> **Work item**:
Each entry should be repeated exactly. Its pictures should not be.

○ ○ ○ ○ ○ ○ ○

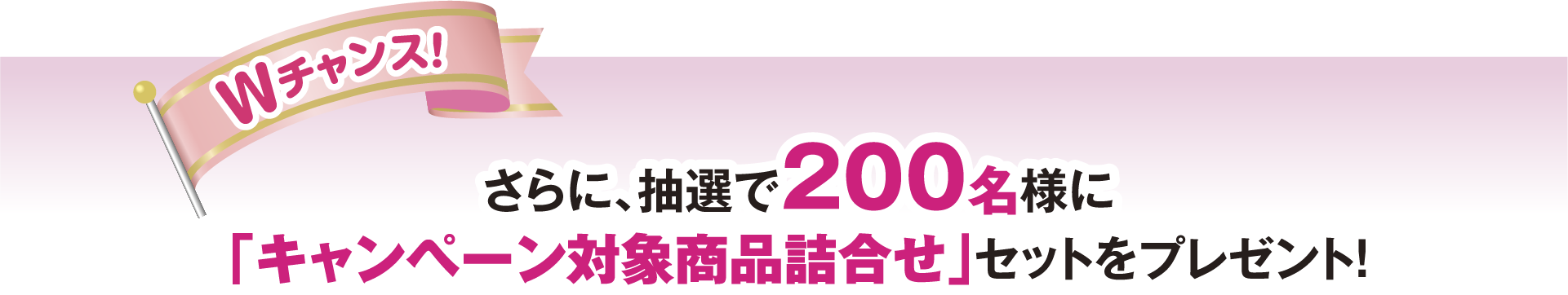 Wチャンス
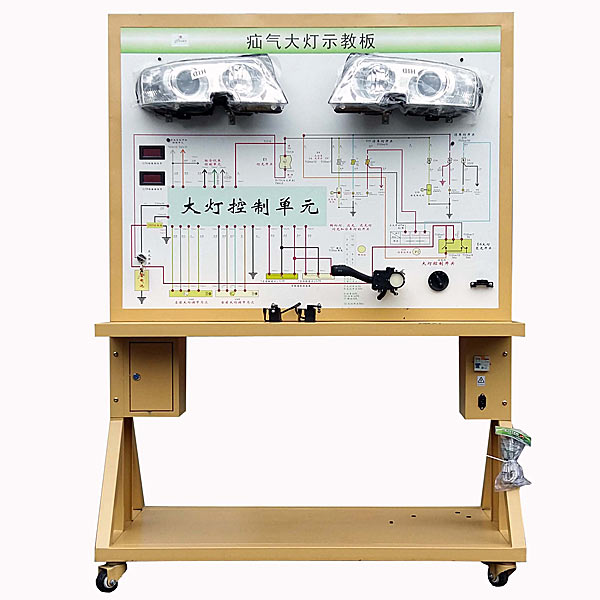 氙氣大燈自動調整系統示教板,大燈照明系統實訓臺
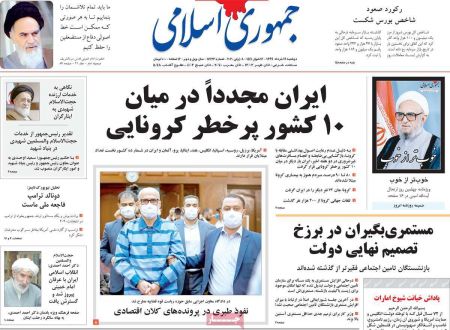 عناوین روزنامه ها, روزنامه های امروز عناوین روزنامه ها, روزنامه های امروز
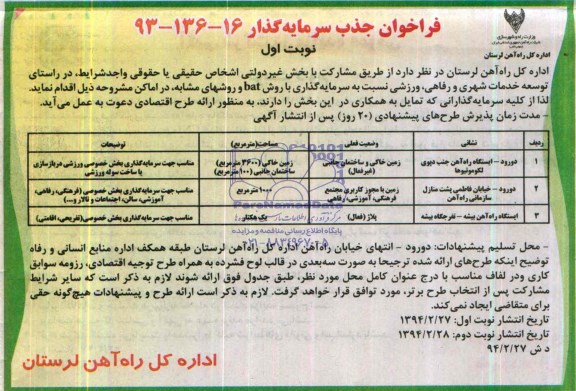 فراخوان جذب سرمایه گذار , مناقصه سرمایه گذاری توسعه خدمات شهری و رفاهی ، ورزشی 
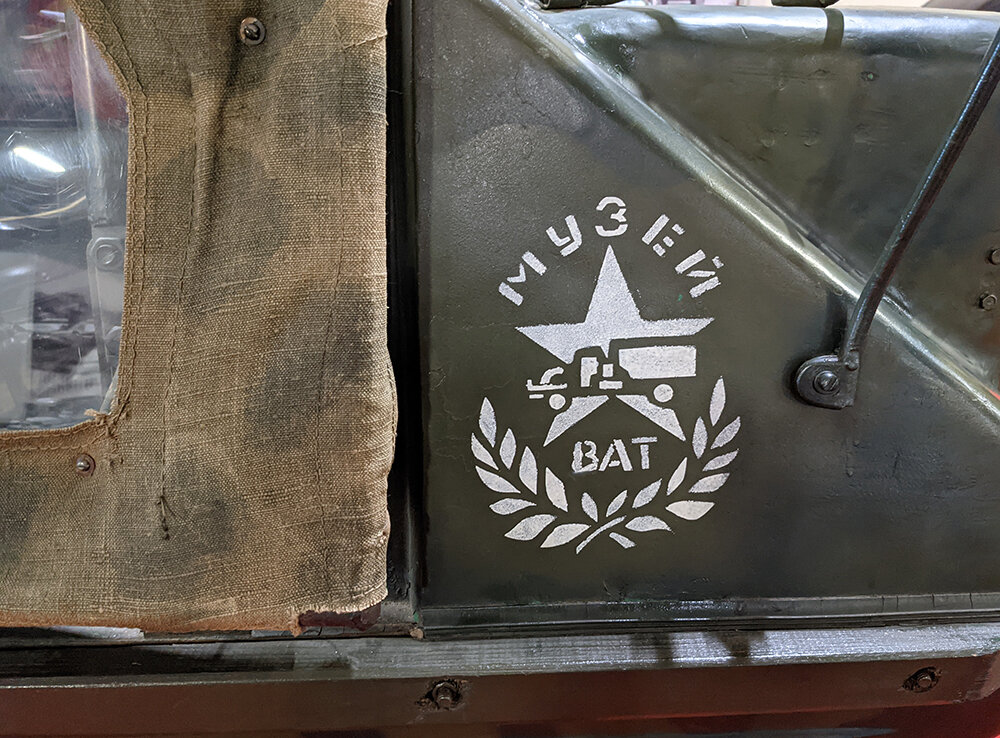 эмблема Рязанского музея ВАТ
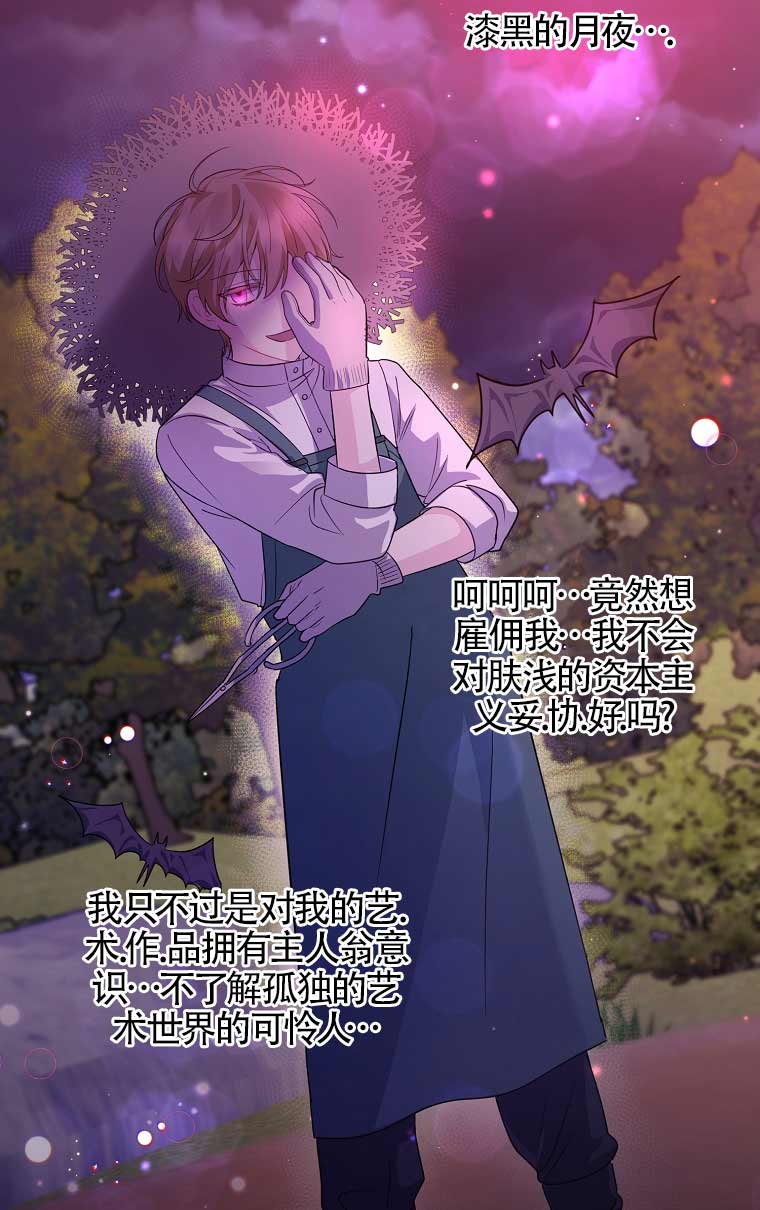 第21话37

○ ○ ○ ○ ○ ○ ○

> **Finished exercise**:
 Wチャンス
 氙氣大燈自動調整系統示教板,大燈照明系統實訓臺
 عناوین روزنامه ها, روزنامه های امروز عناوین روزنامه ها, روزنامه های امروز
 فراخوان جذب سرمایه گذار , مناقصه سرمایه گذاری توسعه خدمات شهری و رفاهی ، ورزشی 
 эмблема Рязанского музея ВАТ
 第21话37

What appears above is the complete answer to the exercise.